> _Dataset section_

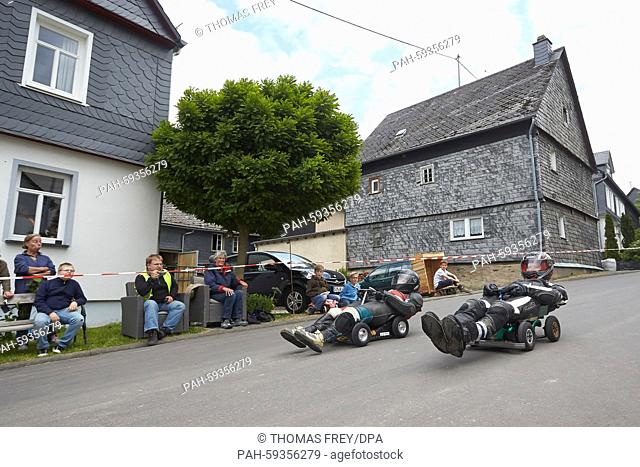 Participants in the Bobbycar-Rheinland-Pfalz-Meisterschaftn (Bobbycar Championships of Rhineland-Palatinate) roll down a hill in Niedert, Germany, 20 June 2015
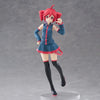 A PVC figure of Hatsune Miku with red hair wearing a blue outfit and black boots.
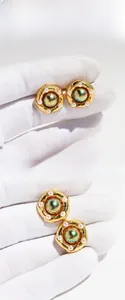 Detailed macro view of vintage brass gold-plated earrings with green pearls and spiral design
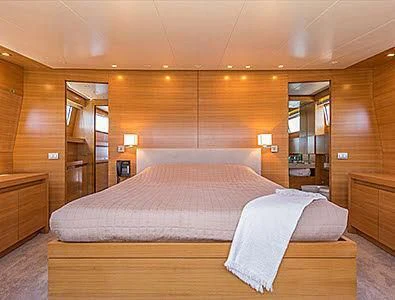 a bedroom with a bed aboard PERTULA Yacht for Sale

> _To do_
Give back the full listing exactly, with pictures dropped.

> _Result of the task_
 Participants in the Bobbycar-Rheinland-Pfalz-Meisterschaftn (Bobbycar Championships of Rhineland-Palatinate) roll down a hill in Niedert, Germany, 20 June 2015
 A PVC figure of Hatsune Miku with red hair wearing a blue outfit and black boots.
 Detailed macro view of vintage brass gold-plated earrings with green pearls and spiral design
 a bedroom with a bed aboard PERTULA Yacht for Sale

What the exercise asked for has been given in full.